Acting responsibly as an owner forms an important part of the mandate given by our customers. Therefore, it is essential that our portfolio companies manage the environmental, social and governance impact associated with their businesses. As a shareholder SEB aims to influence companies to improve their performance in environment, social issues and corporate governance. This is done primarily through dialogue, collaborations with other investors and voting at annual general meetings (AGM).
Overall we monitor a universe of more than 2,500 companies to identify the key issues for engagement. On the corporate governance side, we engage actively in AGMs as well as in nomination committees, with a particular focus on gender equality in boards and transparent yearly board evaluations. We regularly participate in some 30 nomination committees in Swedish companies where we are one of the largest shareholders.
We have direct and indirect dialogues with companies, and we are part of nominating committees in the companies in which we are relatively large owners. We also have direct dialogues with corporate management groups and boards of Swedish companies, where we often are among the largest owners. In 2016, we had discussions with portfolio companies around issues such as child labour and corruption. In total, we held over 450 dialogues, direct and indirect, with portfolio companies. If the dialogue with a company does not lead to a change after a reasonable period of time, we can consider excluding the company from its investments.
Through our involvement in the UN Principles for Responsible Investment (UN PRI) and CDP, which works with carbon disclosure, we collaborate with investors worldwide in order to influence our holdings.
Our key areas in 2016 as related to PRI and CDP are:
• Climate, with a focus on palm oil
• Climate, with a focus on carbon emissions from utilities companies
• Human rights in the extractive sector
• Human rights in regard to access to medicine
We also work with Hermes Equity Ownership Services, an international leader in dialogue with companies. Hermes EOS maintains ongoing, direct dialogue with the management and the board of the companies in which we invest. Working with other asset managers, under the leadership of Hermes EOS, enables us to be even more successful in conducting dialogue with companies outside Sweden.

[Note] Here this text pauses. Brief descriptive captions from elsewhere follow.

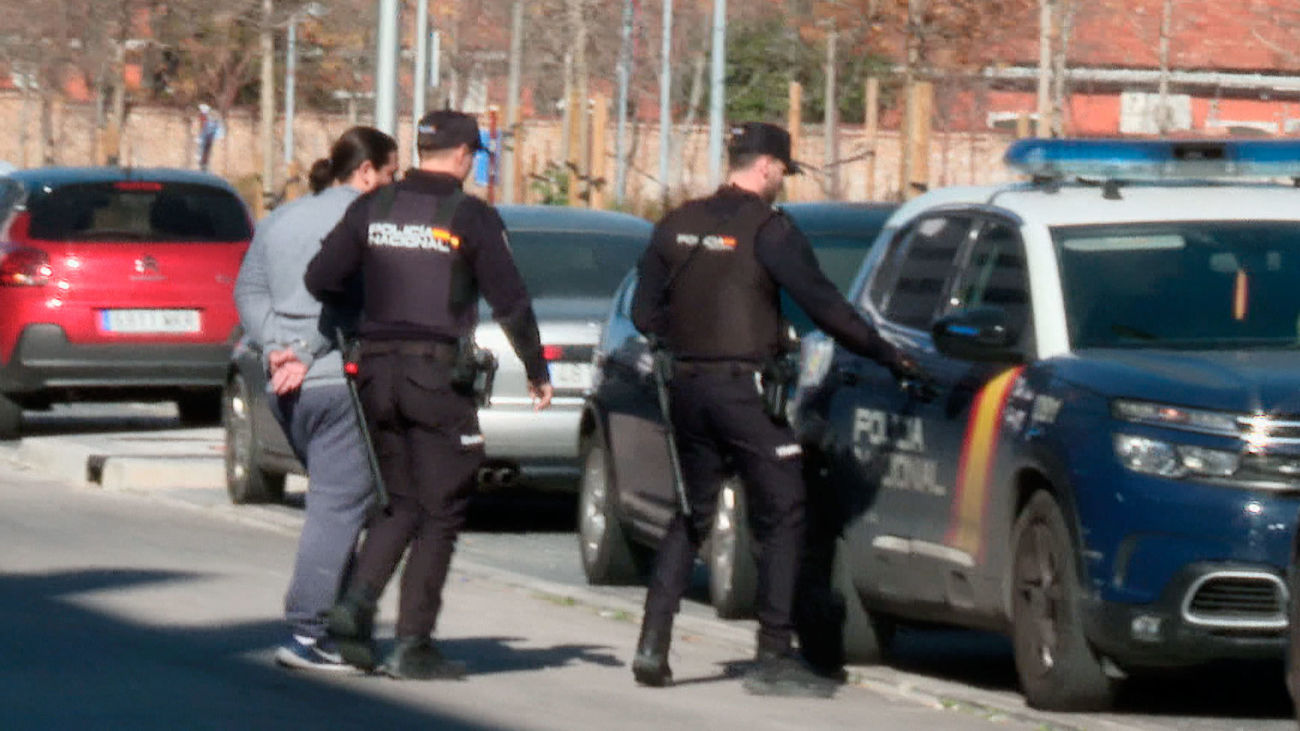 Así ha sido la detención del 'Paraguayo' en el edificio okupado de Carabanchel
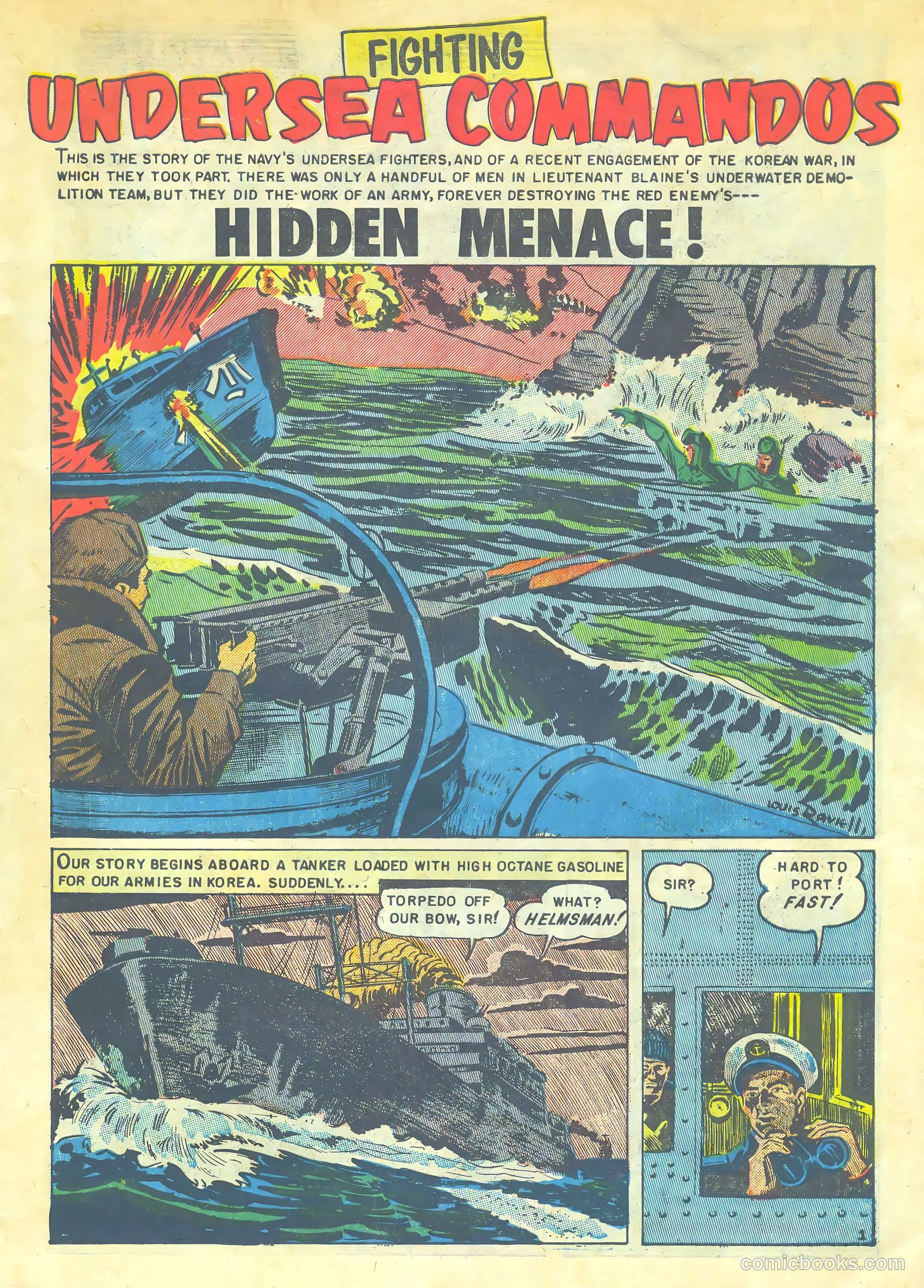 Fighting Undersea Commandos #2 — page 3 of 36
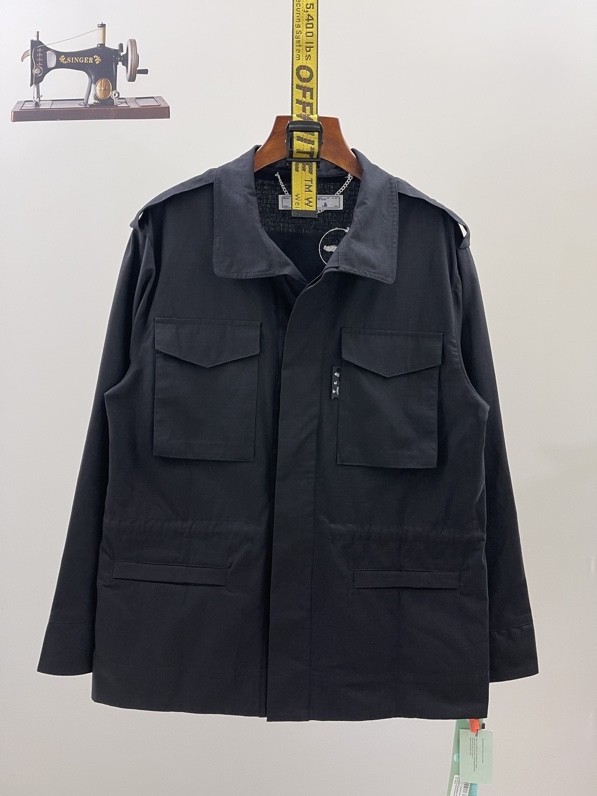 1:1 quality version Slogan Scissor Arrow Workwear Windbreaker Jacket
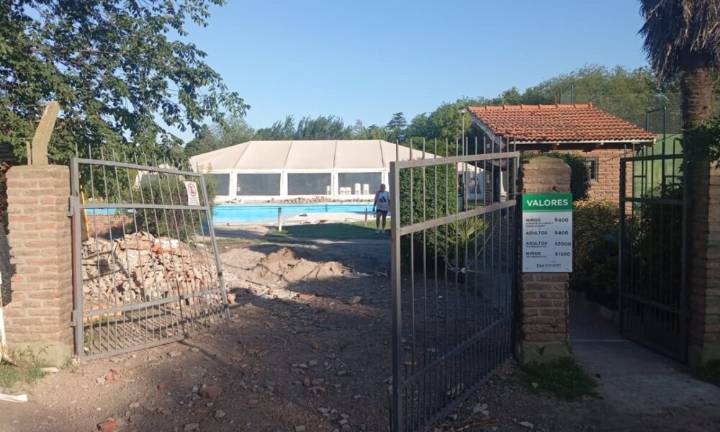 Causan daños en piletas municipales de Sierra de la Ventana: un detenido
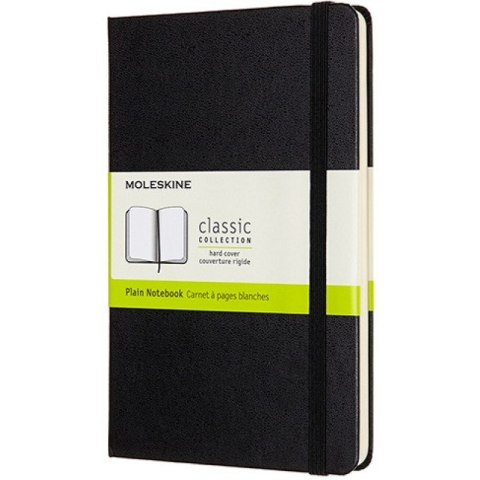 Notatnik Moleskine Classic M (11.5x18cm) gładki czarny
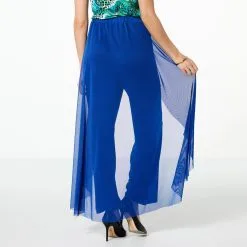 "As Is" Antthony Mesh Overlay Pull-On Pant -Dresses Shop as is antthony mesh overlay pull on pant d 2023012612061335837295 alt1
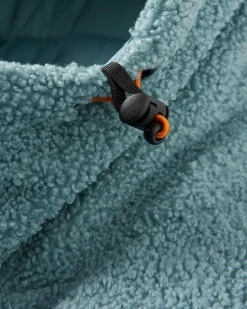 Elowen Hooded Recycled Insulated Jacket - Arctic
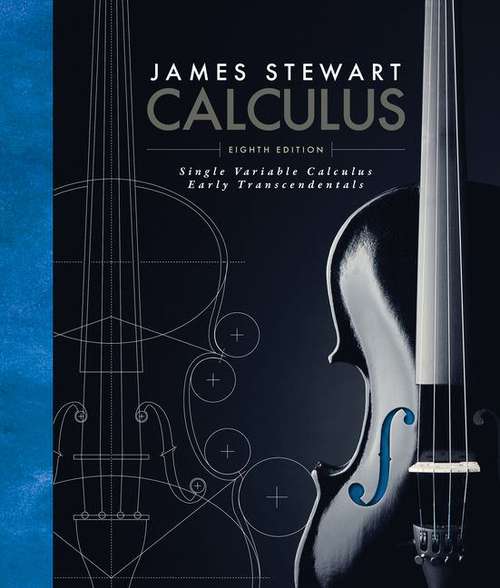 Book cover of Single Variable Calculus: Early Transcendentals (8)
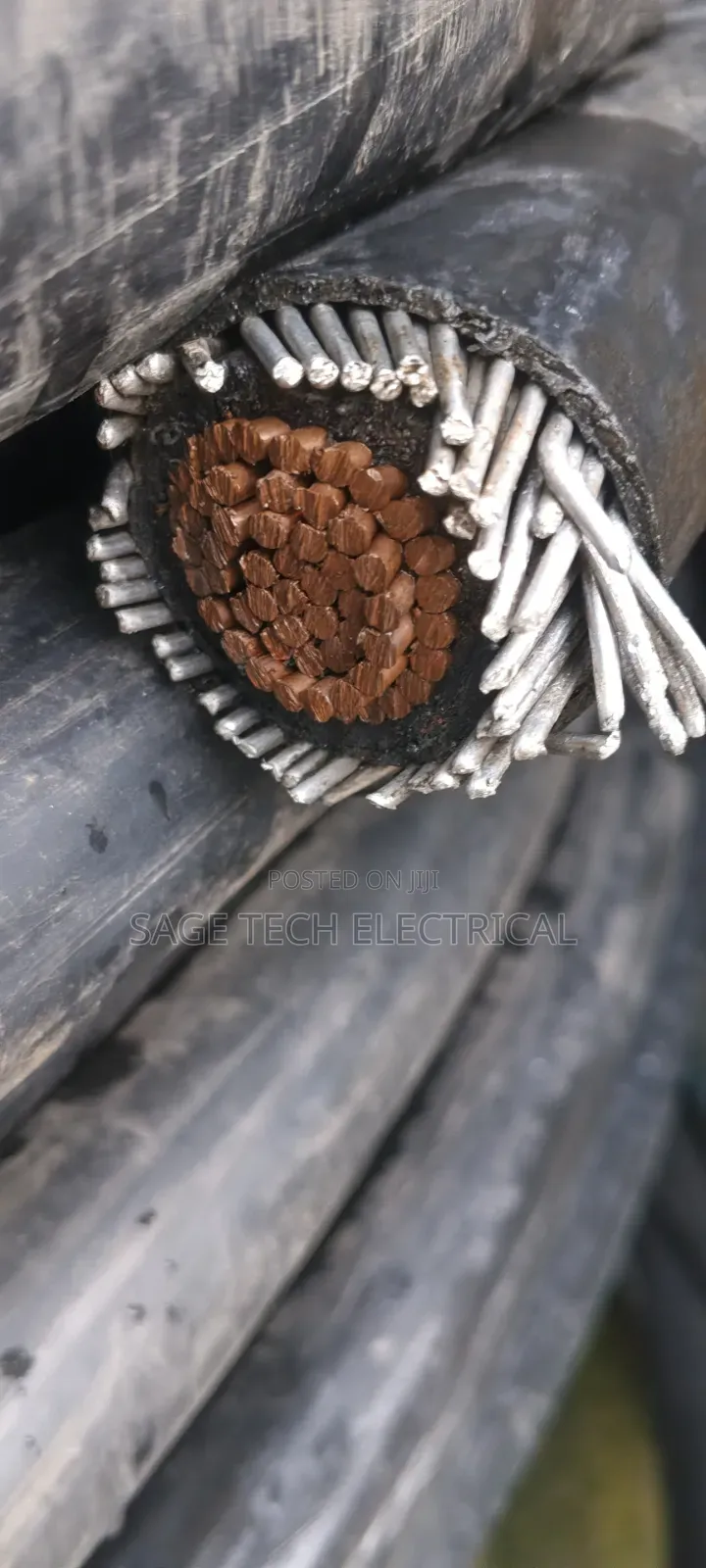 300mm Single Core Armoured Cable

SEB also participates in the local SIF's (Sustainable Investment Forum) in Sweden, Finland and Denmark, that brings together the forces working for and with sustainable investments locally.
Collaboration against corruption
Since 2010, SEB has via PRI been part of an international initiative on anti-corruption and has worked to influence companies where there is a lack of clarity regarding the company’s anti-corruption work. In one of the initiatives, which started in 2013, 34 investors engaged in dialogues with 32 companies in areas such as governance, policies and guidelines. In June 2015, when this round of dialogues had come to an end, 28 of the 32 companies had improved.